==== RECORDS FOR THE TASK ====

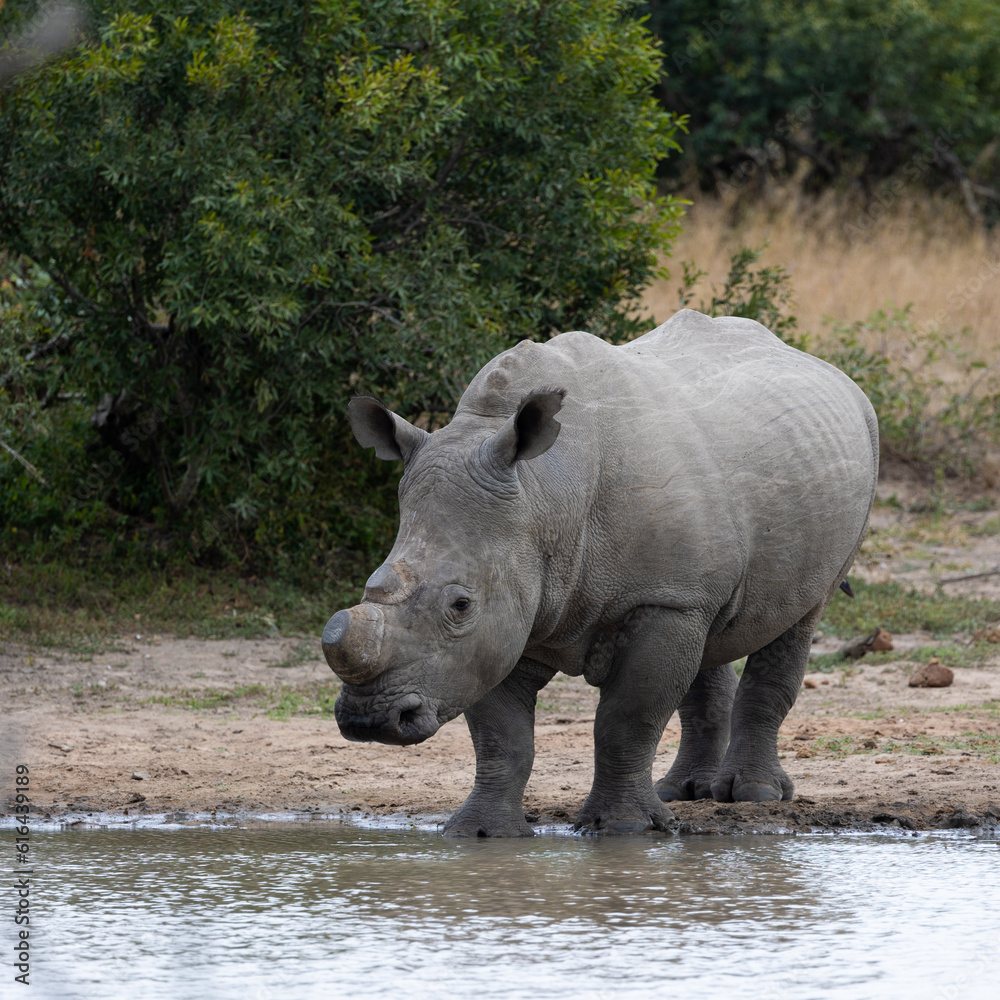 a dehorned white rhino at a waterhole a dehorned white rhino at a waterhole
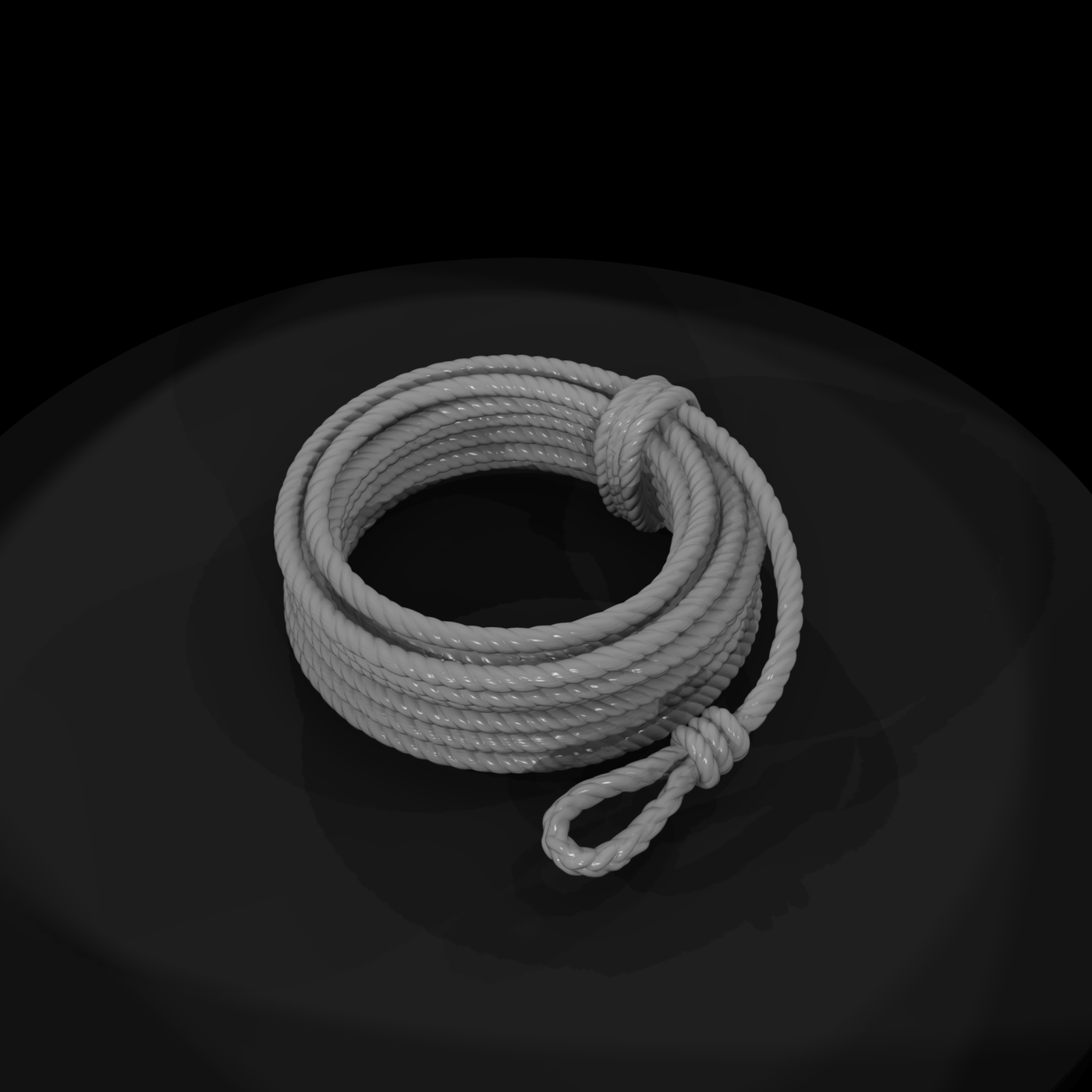 Coiled Lariat Rope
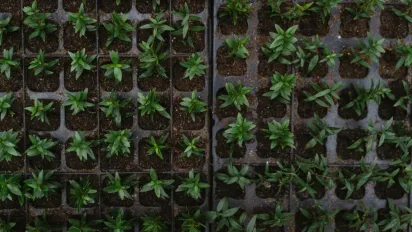 Зробіть це перед висадкою — і розсада переживе навіть найспекотніше літо - фото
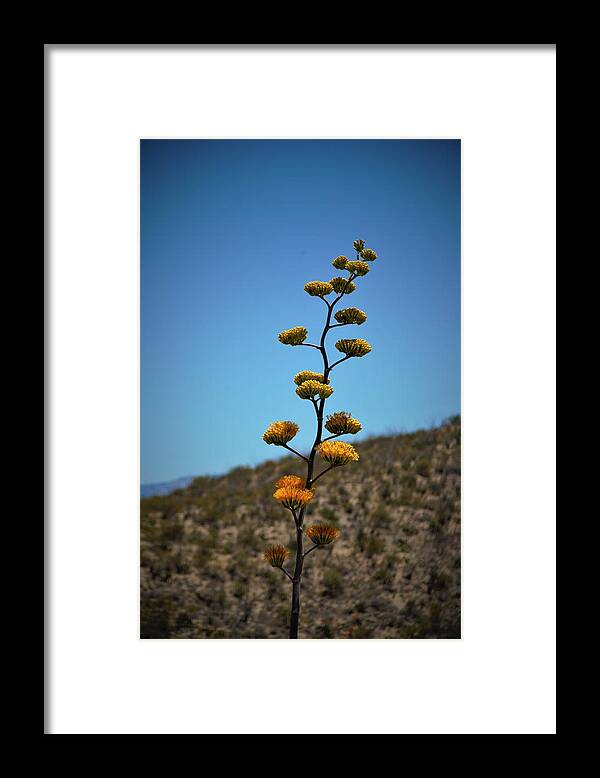 Arizona Framed Print featuring the photograph Tall Blooms by David S Reynolds
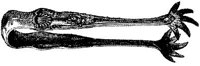FDD081H.JPG
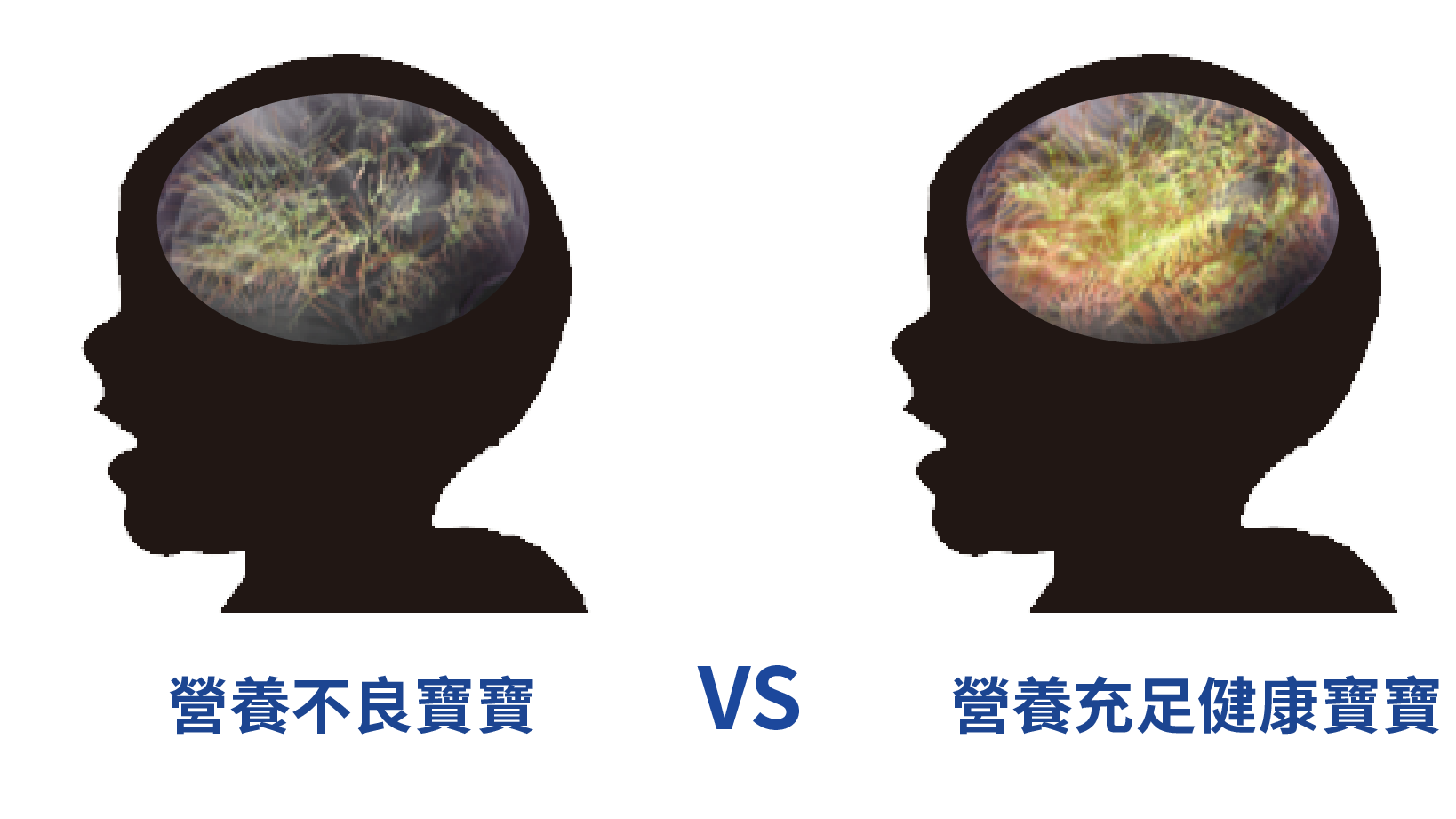 營養充足與否對寶寶大腦發展至關重要。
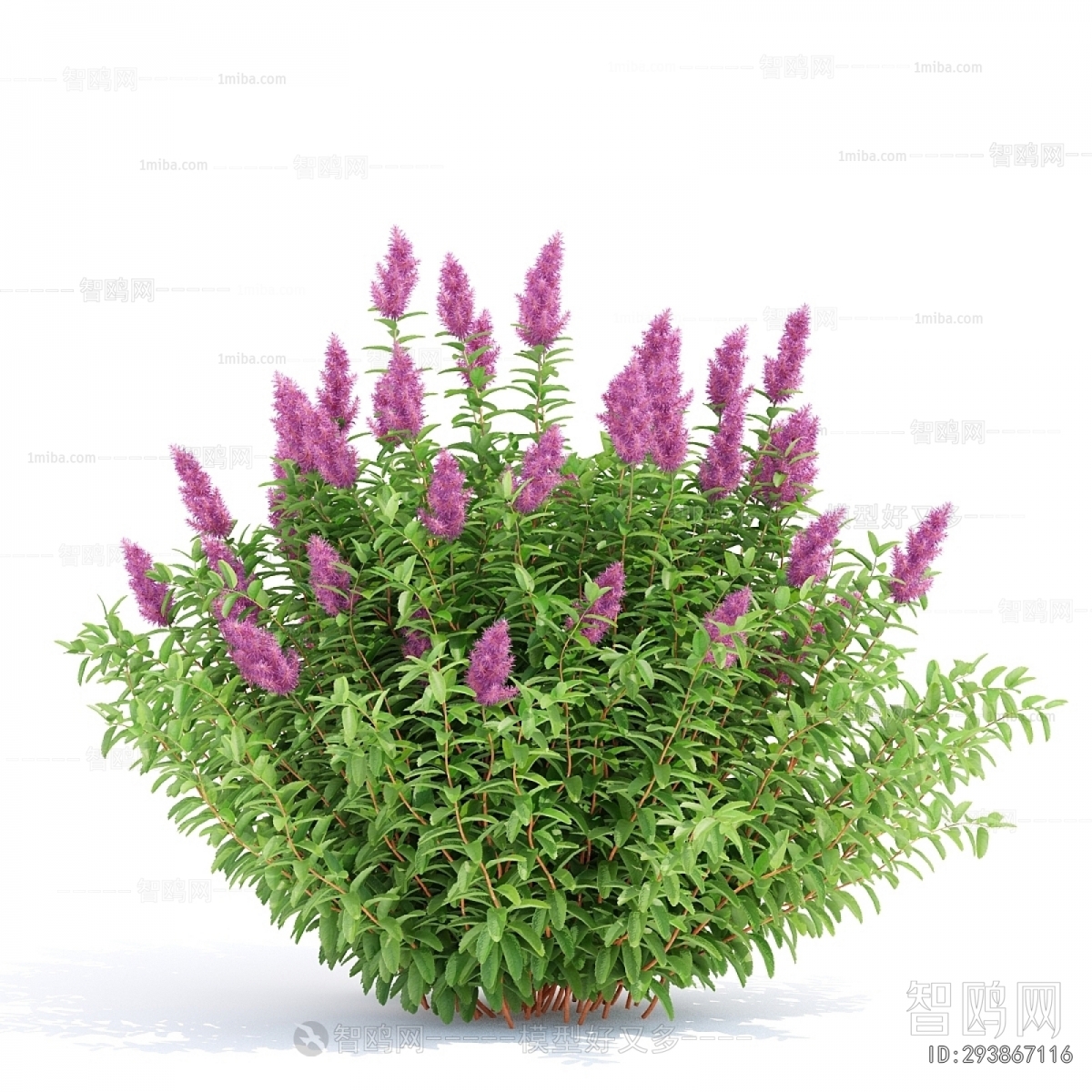 Modern Flowers And Grass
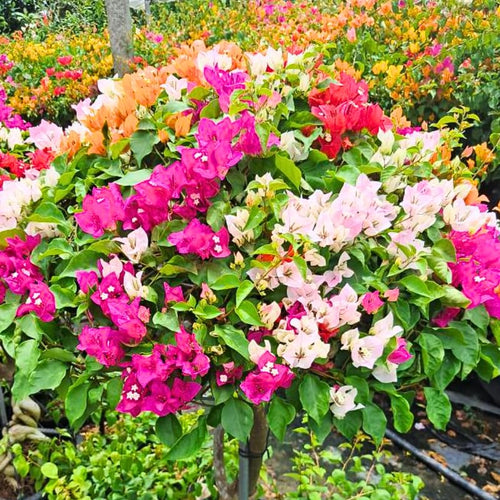 2 Assorted Bougainvillea Plants Live, Flowering Bougainvillea Vine for Outdoor Garden or Trellis, 5-9 Inch Tall, Very Hardy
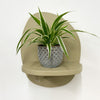 Mini Spider Plant & Pot
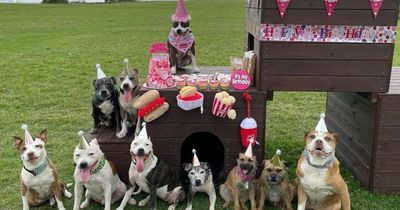 'I treat my dogs to Starbucks and McDonald's and they enjoy birthday parties'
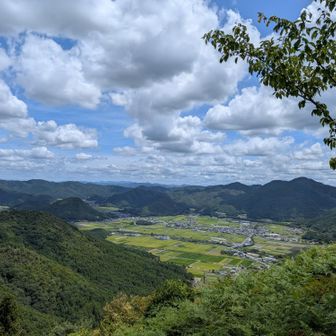 お殿様気分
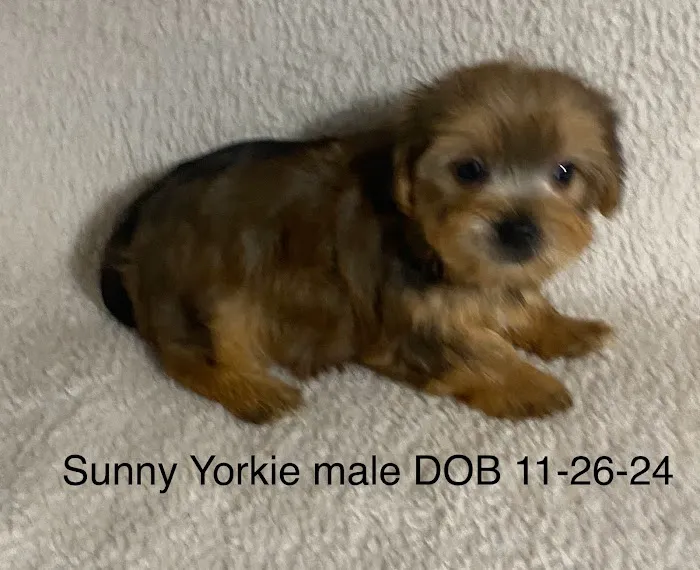 The Puppy Gallery LLC Picture 7
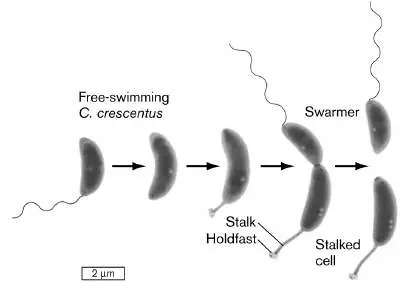 Figure from Chapter 3, Microbiology: An Evolving Science 6e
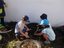 As crianças continuam a fazer a realização da mantenção da horta (retirar ervas).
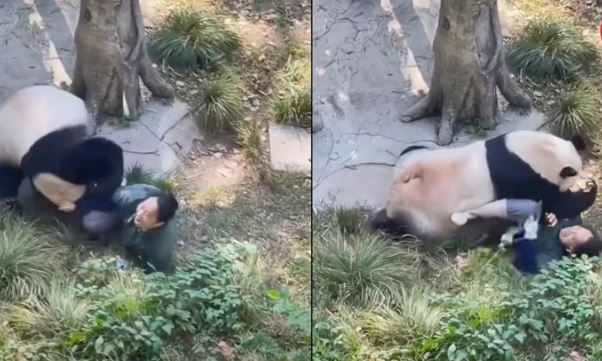 (VÍDEO) Cuidadora hiere  a panda en zoo de China; animal se lanzó contra ella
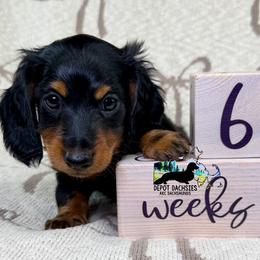 Boston AKC: Black and Tan, Long Hair - Black and tan male Dachshund puppy in South Easton, Massachusetts from Depot Dachsies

====

TASK REQUIREMENTS:
Beginning with the line containing "Figure from Chapter" and ending with the last line of the data, output those lines exactly and nothing more. Omit every picture.

COMPLETED EXERCISE:
 Figure from Chapter 3, Microbiology: An Evolving Science 6e
 As crianças continuam a fazer a realização da mantenção da horta (retirar ervas).
 (VÍDEO) Cuidadora hiere  a panda en zoo de China; animal se lanzó contra ella
 Boston AKC: Black and Tan, Long Hair - Black and tan male Dachshund puppy in South Easton, Massachusetts from Depot Dachsies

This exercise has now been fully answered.